In complete sixth nerve palsy, transposition procedure provides an abducting force to the paralysed muscle, increasing the diplopia free field with improved centration. Hummelsheim described the first rectus muscle transposition procedure for treating paralytic strabismus in 1908. Several modifications to his procedure were described by O'Connor, Jensen, Knapp, Carlson and Jampolsky. However, the original principle of all the surgeries remains the same. The principle involves shifting forces of antagonist muscles to a rectus muscle that lies between them and acting in the opposite plane. This provides an abducting force to the paralysed muscle. In Hummelsheim’s procedure of partial tendon transposition for the paralytic lateral rectus, temporal halves of the superior rectus and inferior rectus were transposed to the paralysed lateral rectus muscle (Figures 3&4). Jenson described a rectus muscle union procedure in which the lateral half of the split SR and IR is united with the corresponding superior and inferior halves of the LR. It was combined with MR recession. It had the advantage of not disinserting the muscle and thereby sparing the anterior ciliary circulation.

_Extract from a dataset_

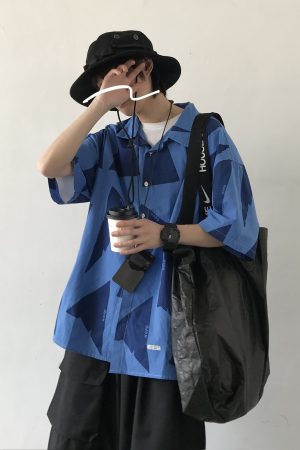 Men's Hawaiian Style Japanese Blue Color-Blocked Short Sleeve Shirt - Trendy Casual Five-Point Sleeve 90s Y2K Fashion
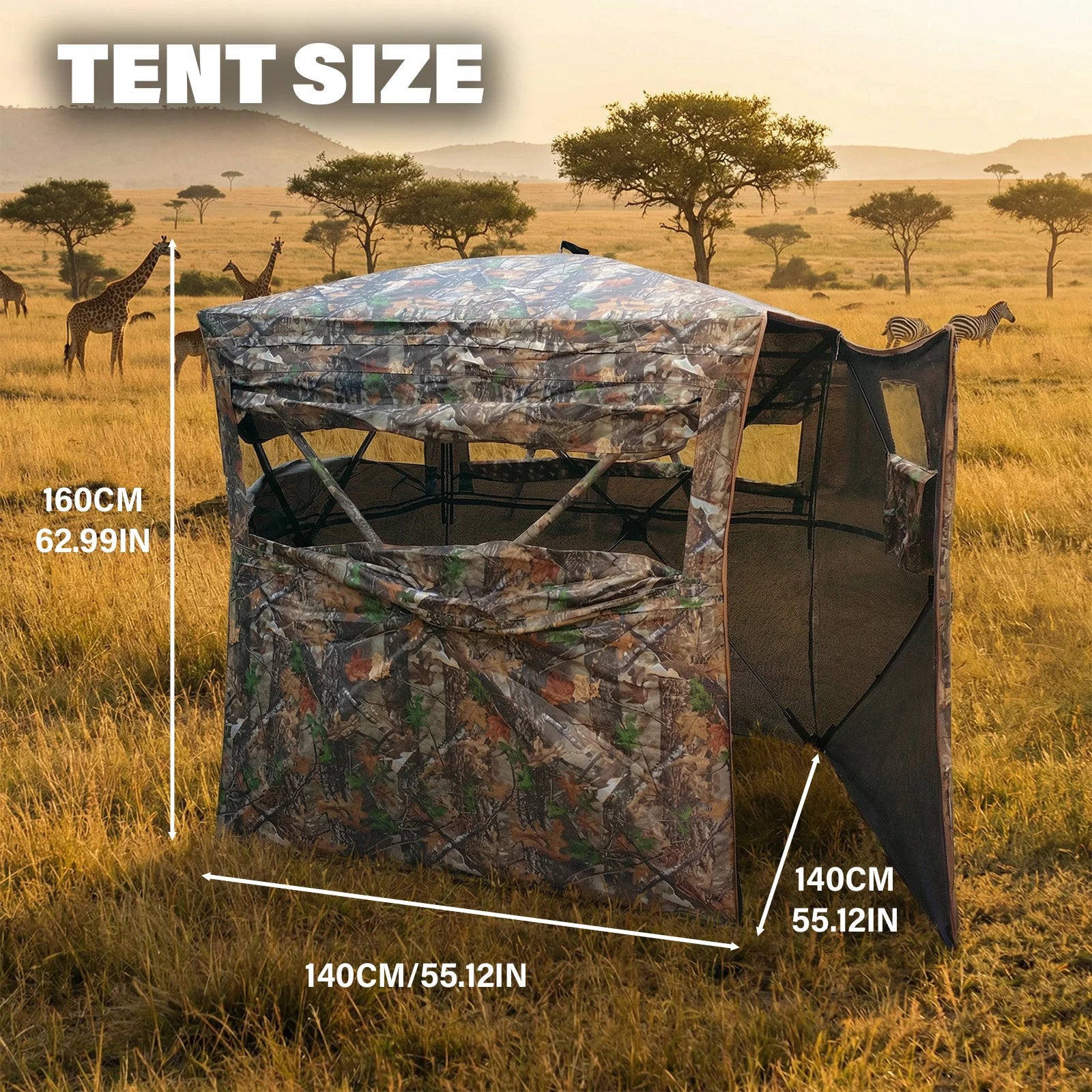 Camouflage Pop-Up  Outdoor Camo Blind with Storage for Deer Turkey Duck Archery Season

Still this technique had the risk of strangulation of the vessel when the rectus muscles were united.1,2 O’Connor performed a full tendon transposition of the SR and IR to the LR combined with cinch procedure on the LR. The disadvantage being more chances of vertical imbalance. However, due to the increased risk of anterior segment ischemia involved in all these procedures, Nishida et al proposed an effective procedure in which tenotomy was not performed.3–5 In the procedure explained by the author the muscle belly of superior and inferior recti are longitudinally split and the lateral halves are transposed close to the superior and inferior border of the lateral rectus respectively 12mm posterior to the insertion. (Figure 5) This procedure achieves the same postoperative results as other procedures.6 The laterally transposed muscle bellies generate additional abductional forces at the new points of insertion (Figure 6).